Dataset records.
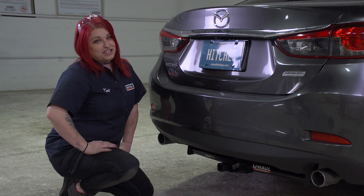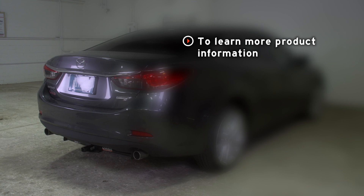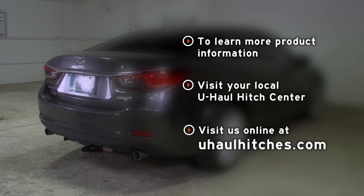I'm Kat. Thanks for watching. If you have any questions about the products seen in this video, or if you'd like to schedule an installation with a U-Haul Hitch professional, visit us online today at uhaulhitches.com.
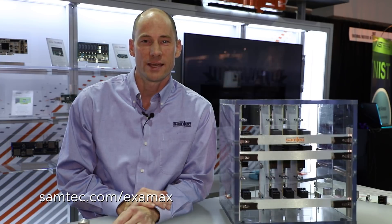For more information, go to Samtech.com/Examax, or contact us at HSBP@Samtech.com.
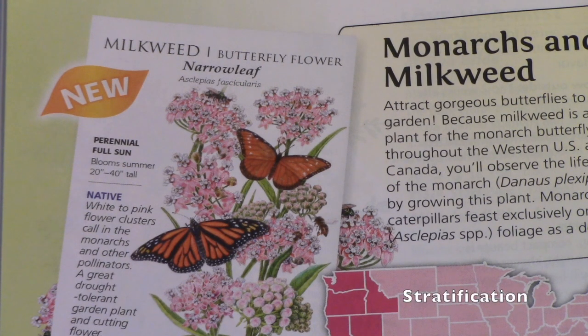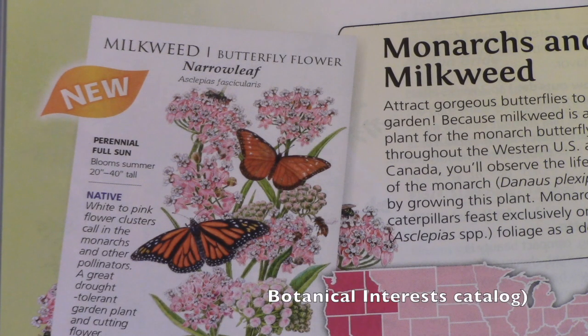The second type of treatment is called stratification, and it's another way to fool seeds into thinking winter is ending and spring is about to begin — you're trying to duplicate those conditions. It's a longer process than vernalization because the goal is to improve germination. This technique is advised for starting milkweed seeds. One month before you want to start your seeds, set a moist coffee filter or paper towel on a plate, sprinkle the seeds onto it, fold the filter or towel around the seeds, put that into a baggie, set it in an airtight container, and place it into the refrigerator for four weeks. Mark your calendar so you don't forget, then start your seeds as you normally would.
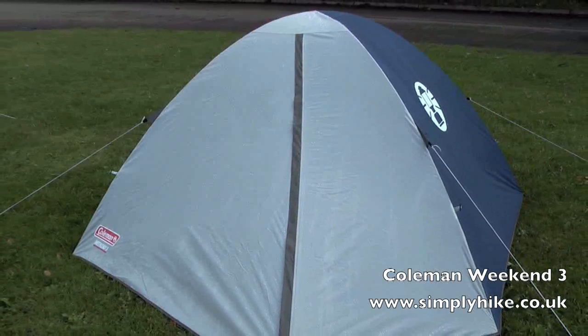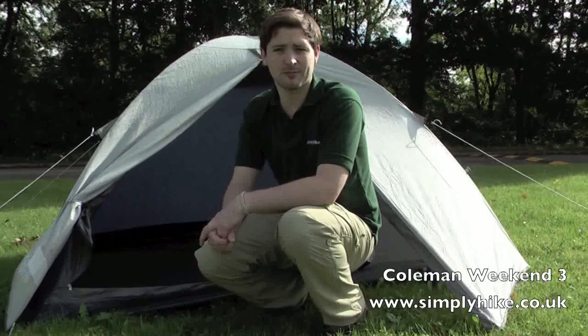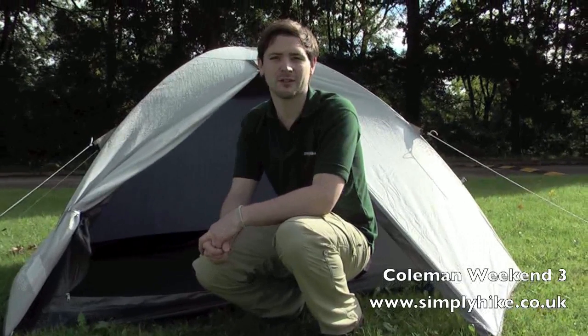Welcome to Simplyhike.co.uk. In this session we're looking at the Coleman Weekend 3 tent. It's a fantastic three berth tent, ideal if you're going off to a festival, with some great space inside. So let's go inside and have a close look.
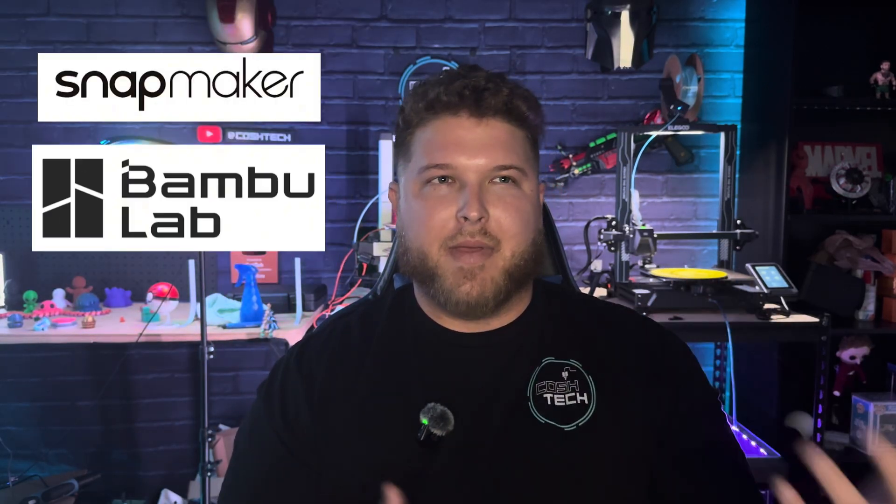Hey guys, welcome to the channel and welcome back to another video. Originally I planned this video to be an explanation on whether you should use the AMS, ACE Pro, or any multi-filament system — how much it would cost, if it would be worth it for a business, how long it takes, and what it takes to print something in eight colors, especially when you're changing layer lines.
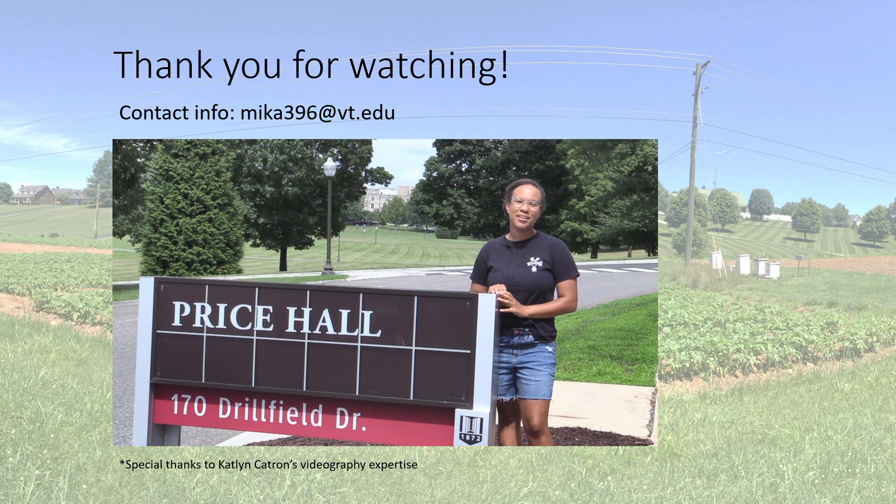Thank you for joining me today. If you need to contact me for any reason, feel free to use the information above.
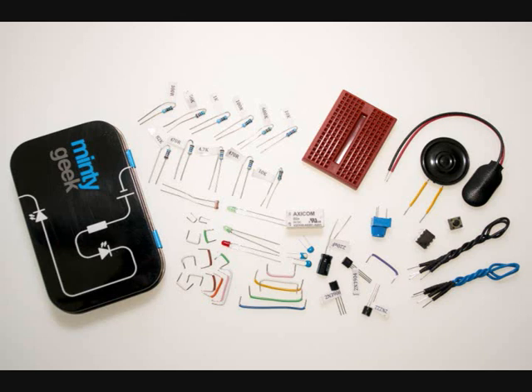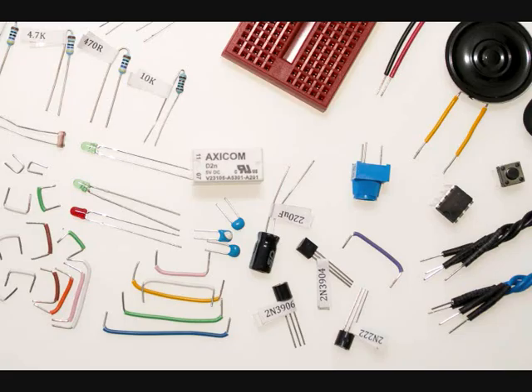So, one rainy afternoon I opened the can, determined to build my very first project. The sheer quantity of components made me panic, but after a brief moment of recuperation I noticed that all components were labelled. Thank you, Minty Geeks!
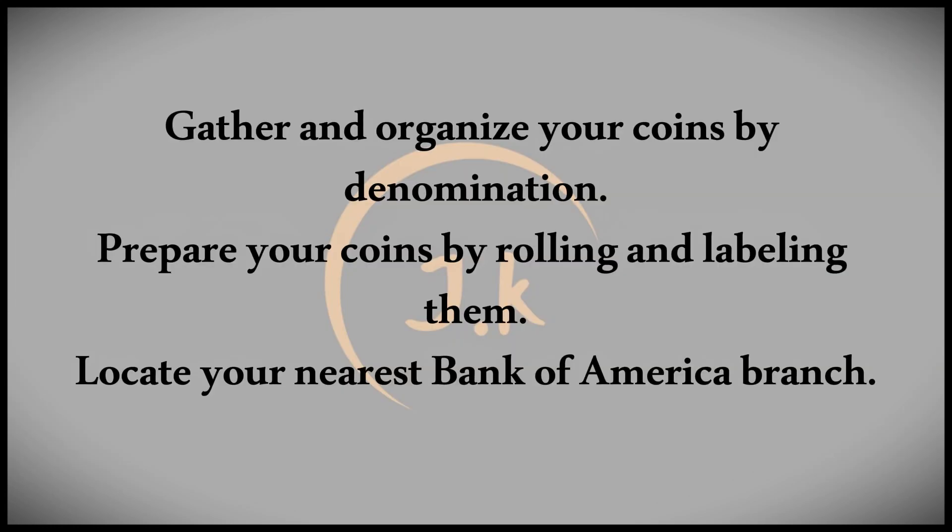First, gather and organize your coins. Collect all the coins from where you've been storing them and pour them into one place. It's helpful to sort them by denomination, as this will make counting easier.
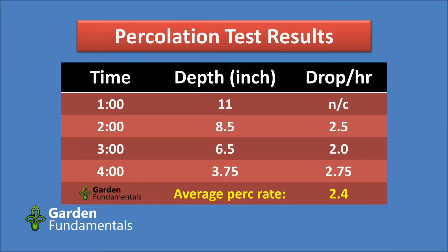Now that you've collected your readings, here's how to use them. This table shows results for a typical measurement with one-hour time increments, each with a depth reading beside it. It started at 11 inches and after the first hour dropped to 8.5 inches. Subtract those two values: 11 minus 8.5 gives you 2.5 — that's 2.5 inches per hour. Do the same for each time increment, then average all your drop-per-hour values to get your average perk rate, which in this case was 2.5 inches per hour.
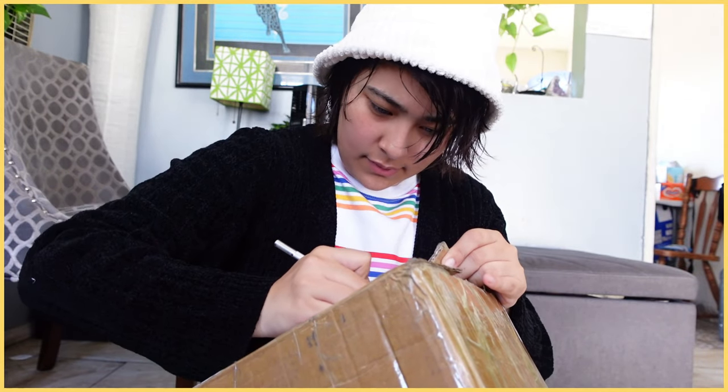This is going to be an unboxing video for new merchandise, so let's just get started. Like usual, a lot of bubble wrap.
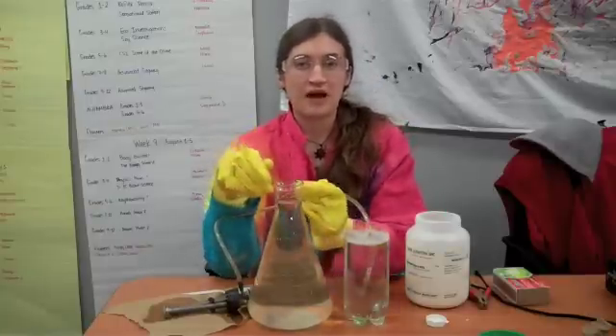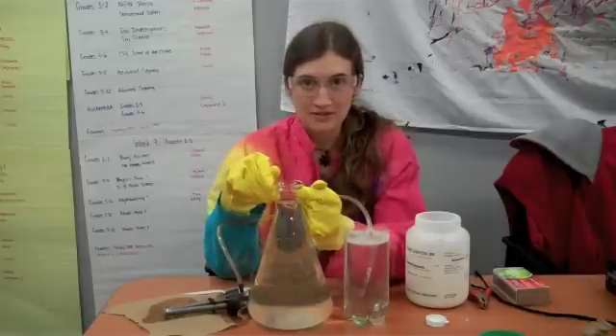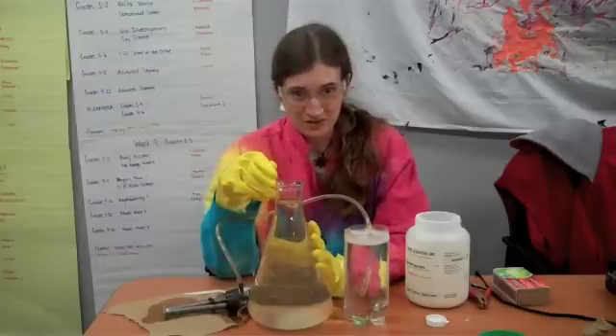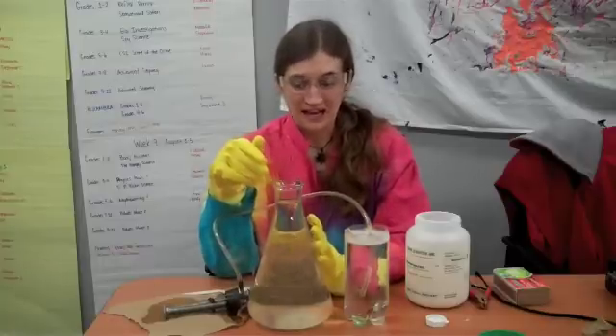What this is, is the electrolysis of water. We're going to split water apart into its components. Pure water, pure H2O, can't really carry electricity. So what we need to do is add some salts in there to get some ions going.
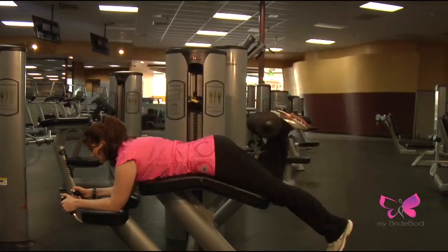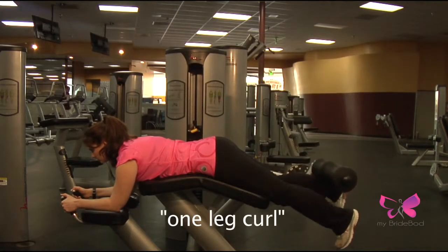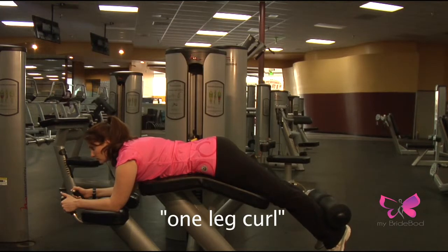This leg curl is a one leg at a time leg curl. It's the same as the regular one, only this time you're going to do one leg at a time.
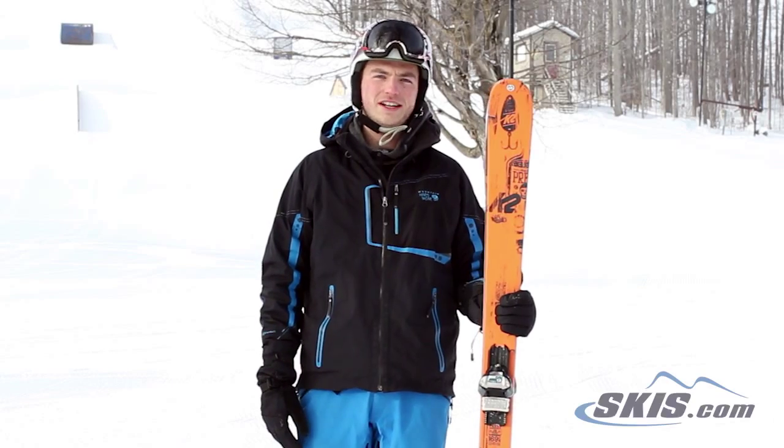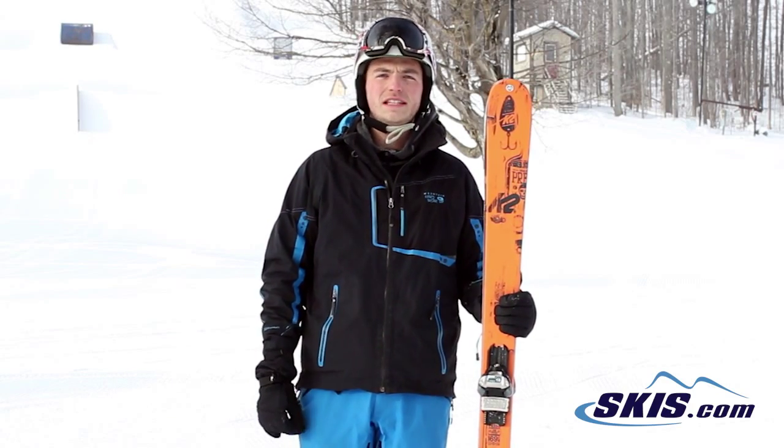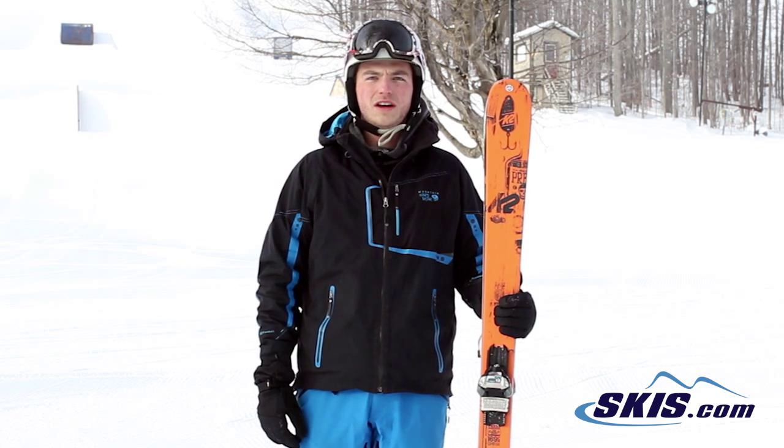Hi, I'm Lucas. I just got off the K2 Press. I give this ski a 3 out of 5 stars. It's very lightweight, but a little difficult on the shorter turns.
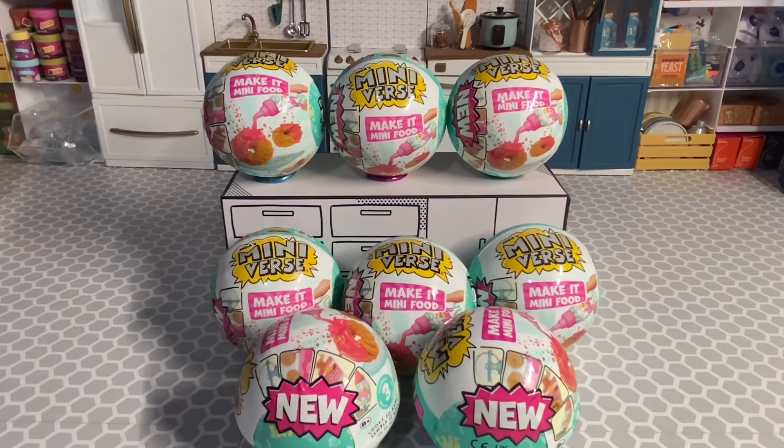Hey you guys, it's Chelsea. I'm back with another new Miniverse series. This is Miniverse Cafe Series 3, Wave 2. It includes 24 items — 12 items from Wave 1 and 12 new items.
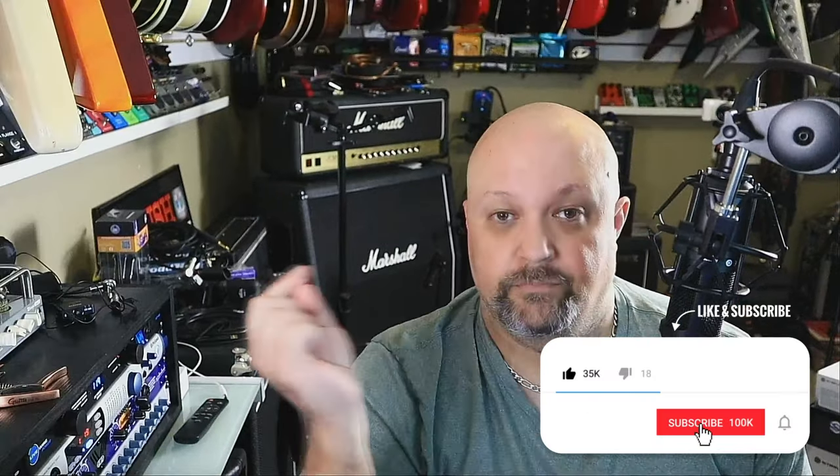I'm really impressed with the value Innogear is offering here. Robert approved. If you need a desktop boom arm for live streaming, podcasting, gaming, or anything that requires a microphone at a desk or computer desk, this is a fantastic option and possibly one of the best values out there. You can find these on Amazon — I'll post a link in the description along with a couple of other links to check out more Innogear products. Great value, I think you'll enjoy it. Adios.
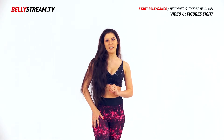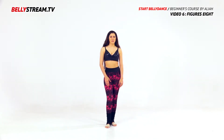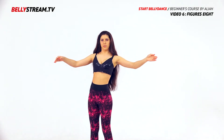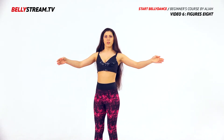We will learn figure eight: vertical, horizontal, and figure eight with one hip. Let's start with the horizontal figure eight — it's a very beautiful movement in belly dance. We will learn the figure eight going in, and also we will do out.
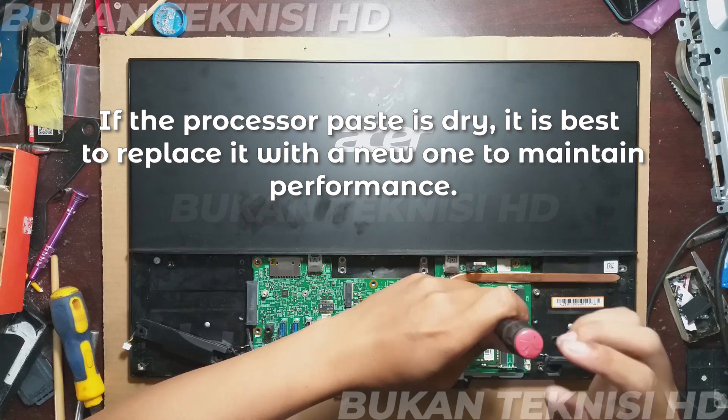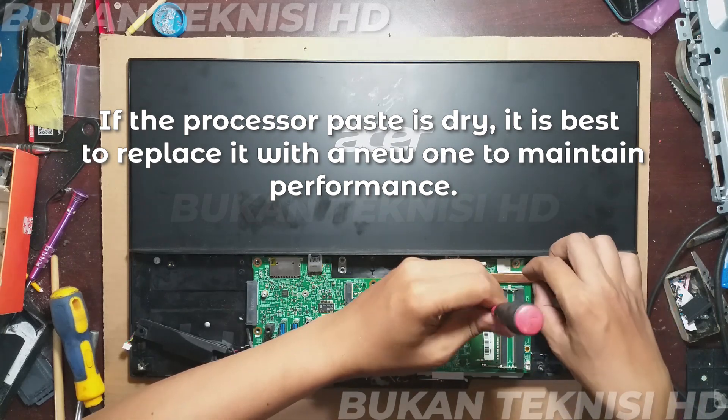If the processor paste is dry, it is best to replace it with a new one to maintain performance.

How to complete this task.
Omit the pictures; set down each record exactly.

Task result.
I'm Kat. Thanks for watching. If you have any questions about the products seen in this video, or if you'd like to schedule an installation with a U-Haul Hitch professional, visit us online today at uhaulhitches.com.
For more information, go to Samtech.com/Examax, or contact us at HSBP@Samtech.com.
The second type of treatment is called stratification, and it's another way to fool seeds into thinking winter is ending and spring is about to begin — you're trying to duplicate those conditions. It's a longer process than vernalization because the goal is to improve germination. This technique is advised for starting milkweed seeds. One month before you want to start your seeds, set a moist coffee filter or paper towel on a plate, sprinkle the seeds onto it, fold the filter or towel around the seeds, put that into a baggie, set it in an airtight container, and place it into the refrigerator for four weeks. Mark your calendar so you don't forget, then start your seeds as you normally would.
Welcome to Simplyhike.co.uk. In this session we're looking at the Coleman Weekend 3 tent. It's a fantastic three berth tent, ideal if you're going off to a festival, with some great space inside. So let's go inside and have a close look.
Hey guys, welcome to the channel and welcome back to another video. Originally I planned this video to be an explanation on whether you should use the AMS, ACE Pro, or any multi-filament system — how much it would cost, if it would be worth it for a business, how long it takes, and what it takes to print something in eight colors, especially when you're changing layer lines.
Thank you for joining me today. If you need to contact me for any reason, feel free to use the information above.
So, one rainy afternoon I opened the can, determined to build my very first project. The sheer quantity of components made me panic, but after a brief moment of recuperation I noticed that all components were labelled. Thank you, Minty Geeks!
First, gather and organize your coins. Collect all the coins from where you've been storing them and pour them into one place. It's helpful to sort them by denomination, as this will make counting easier.
Now that you've collected your readings, here's how to use them. This table shows results for a typical measurement with one-hour time increments, each with a depth reading beside it. It started at 11 inches and after the first hour dropped to 8.5 inches. Subtract those two values: 11 minus 8.5 gives you 2.5 — that's 2.5 inches per hour. Do the same for each time increment, then average all your drop-per-hour values to get your average perk rate, which in this case was 2.5 inches per hour.
This is going to be an unboxing video for new merchandise, so let's just get started. Like usual, a lot of bubble wrap.
What this is, is the electrolysis of water. We're going to split water apart into its components. Pure water, pure H2O, can't really carry electricity. So what we need to do is add some salts in there to get some ions going.
This leg curl is a one leg at a time leg curl. It's the same as the regular one, only this time you're going to do one leg at a time.
Hi, I'm Lucas. I just got off the K2 Press. I give this ski a 3 out of 5 stars. It's very lightweight, but a little difficult on the shorter turns.
Hey you guys, it's Chelsea. I'm back with another new Miniverse series. This is Miniverse Cafe Series 3, Wave 2. It includes 24 items — 12 items from Wave 1 and 12 new items.
I'm really impressed with the value Innogear is offering here. Robert approved. If you need a desktop boom arm for live streaming, podcasting, gaming, or anything that requires a microphone at a desk or computer desk, this is a fantastic option and possibly one of the best values out there. You can find these on Amazon — I'll post a link in the description along with a couple of other links to check out more Innogear products. Great value, I think you'll enjoy it. Adios.
We will learn figure eight: vertical, horizontal, and figure eight with one hip. Let's start with the horizontal figure eight — it's a very beautiful movement in belly dance. We will learn the figure eight going in, and also we will do out.
If the processor paste is dry, it is best to replace it with a new one to maintain performance.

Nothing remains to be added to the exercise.